Traffic Volume Manager ? (Previously: RE: Regional differences in P2P)
Hello, the discussion here is getting interesting for me, because people are talking about not only capping the Bandwidth but also capping the volume of the traffic sent by a customer. So far people are used to do the capping of bandwidth with a Bandwidth Manager device, which does traffic shaping based on e.g. application/protocols, etc. Now, since we are talking about capping on the volume, what is the product available on the market which can do both bandwidth and volume capping ? thanks, Muljawan -----Original Message----- From: owner-nanog@merit.edu [mailto:owner-nanog@merit.edu] On Behalf Of Michel Py Sent: Saturday, July 17, 2004 3:28 AM To: sthaug@nethelp.no Cc: nanog@merit.edu Subject: RE: Regional differences in P2P
Steinar Haug wrote: Telenor, the largest Norwegian service provider, capped their ADSL customers at a ridiculously low 1 Gbyte/month for a while. Presumably they lost sufficient business to other (uncapped) providers that they noticed - the cap has now been removed.
Ridiculous is the word here. Download two service packs and you're done for the month? I can understand this happening in Brazil or India, where caps are a tool to attract enough customers so they bring revenue that in turn will be re-injected in much needed backbone upgrades, but in Norway or the US it does not make a lot of sense to me.

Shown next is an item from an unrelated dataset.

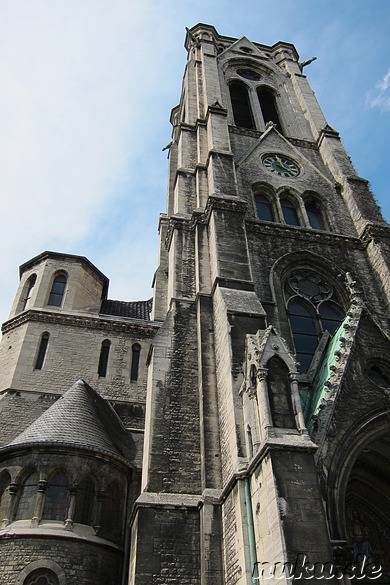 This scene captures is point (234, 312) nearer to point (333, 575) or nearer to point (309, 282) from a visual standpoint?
point (309, 282)

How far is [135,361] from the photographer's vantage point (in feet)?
59.3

Michel Py wrote: I agree, but see above: a 40GB/mo cap is not something that I care about. Granted, I'm not a hardcore file swapper but 40GB/mo are more
Mikael Abrahamsson wrote: I don't know of any capped service over here, nobody dares take the first step. The largest 10meg provider here launched a new 100 meg full duplex service for their approx 200.000 household reach at USD$110 a month with a 300G cap (their 10 meg service for $45 a month is uncapped) and there has been a fair amount of users complaining about 300G not being nearly enough. When you start swapping DVDRs it just isn't.
There is a need for capping 10 and 100 meg residential though; if you want to run your 100 Mb/s pipe full all the time it represents 26TB per month in each direction; you can't give 2/3rds of an OC-3 to a customer for $110/mo. A 300GB/mo cap means that the customer is using their line an average of 1.15%, which brings the interesting question of what a reasonable speed/cap ration should be. 1.5 Mb/s = 389 GB/mo 10 Mb/s = 2.6 TB/mo 100 Mb/s = 26 TB/mo Speed/cap ratios: 1.5 Mb/s capped at 1 GB/mo = 0.25% ridiculous IMHO 10 Mb/s capped at 40 GB/mo = 1.54% 100 Mb/s capped at 300 GB/mo = 1.15% Thoughts, anyone? Michel.

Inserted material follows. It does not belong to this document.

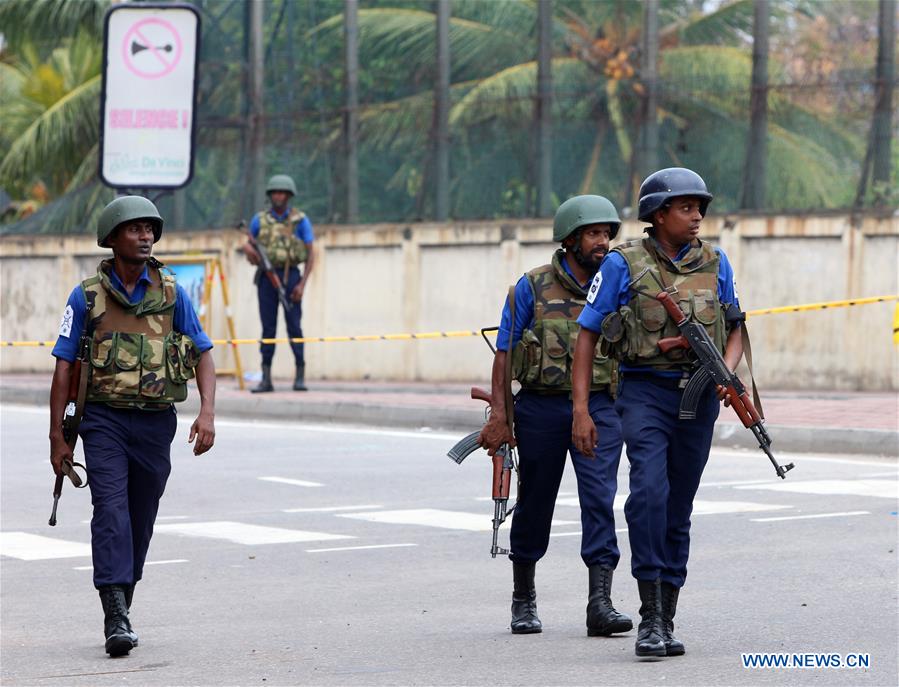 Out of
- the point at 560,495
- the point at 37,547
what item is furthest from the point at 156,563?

On Mon, 19 Jul 2004, Hendrianto Muljawan wrote:
Now, since we are talking about capping on the volume, what is the product available on the market which can do both bandwidth and volume capping ?
For me, products that do capping on choke points are of very little interest since they do not scale and often hinder redundancy (all traffic has to go through a single point). I prefer to do this on the access port (port of entry), so for me this would be done at DSLAM or switch port level depending on access type. -- Mikael Abrahamsson email: swmike@swm.pp.se
On Mon, Jul 19, 2004 at 05:11:28PM +0800, Hendrianto Muljawan wrote:
So far people are used to do the capping of bandwidth with a Bandwidth Manager device, which does traffic shaping based on e.g. application/protocols, etc.

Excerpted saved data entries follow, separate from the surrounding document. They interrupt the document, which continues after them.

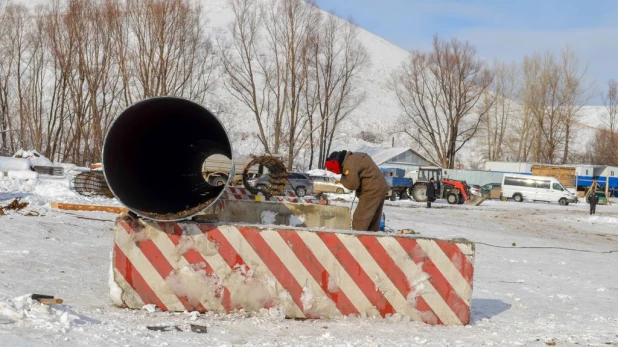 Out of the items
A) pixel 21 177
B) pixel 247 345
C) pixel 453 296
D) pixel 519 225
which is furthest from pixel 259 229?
pixel 21 177

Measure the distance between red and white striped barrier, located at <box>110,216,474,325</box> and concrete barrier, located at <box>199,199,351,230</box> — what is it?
4.06 m

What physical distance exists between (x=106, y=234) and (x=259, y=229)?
22.4 ft

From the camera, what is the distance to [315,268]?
6816mm

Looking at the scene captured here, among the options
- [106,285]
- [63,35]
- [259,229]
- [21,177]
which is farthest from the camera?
[63,35]

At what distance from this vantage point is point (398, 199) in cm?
4069

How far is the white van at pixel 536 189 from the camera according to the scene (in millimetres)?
45688

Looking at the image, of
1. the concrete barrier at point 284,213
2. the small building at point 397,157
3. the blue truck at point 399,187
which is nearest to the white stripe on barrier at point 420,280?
the concrete barrier at point 284,213

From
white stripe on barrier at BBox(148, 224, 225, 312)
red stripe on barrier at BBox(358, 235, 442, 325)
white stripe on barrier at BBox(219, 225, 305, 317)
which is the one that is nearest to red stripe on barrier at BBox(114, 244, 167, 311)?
Answer: white stripe on barrier at BBox(148, 224, 225, 312)

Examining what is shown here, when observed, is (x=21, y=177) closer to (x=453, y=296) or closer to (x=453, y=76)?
(x=453, y=296)

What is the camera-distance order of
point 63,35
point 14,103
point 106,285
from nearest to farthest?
point 106,285
point 63,35
point 14,103

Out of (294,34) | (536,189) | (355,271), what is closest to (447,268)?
(355,271)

Now, since we are talking about capping on the volume, what is the product available on the market which can do both bandwidth and volume capping ?
For DSL, this can be done at the BRAS. The most popular vendors (Juniper and Redback) have support for dynamic subscriber profiles. Individual customers can be 'squeezed' when they have reached their cap. Accounting is done via radius records (start/stop/intermediate). Capping at the DSLAM level could also be an option if you manage the DSLAMs. It is usually the case that dslams are operated by a separate NAP, usually the incumbent. In this case, capping at dslam is virtually impossible, due to administrative overhead. Capping at the BRAS is not the ideal solutions (policing should happen as close to edge as possible) but from an operational standpoint, this is usually the only way. For cable, capping is done on the cable modem. Metering per sub is done on the CMTS. Capping, metering via SNMP. Ethernet - edge switch. -walter
participants (3)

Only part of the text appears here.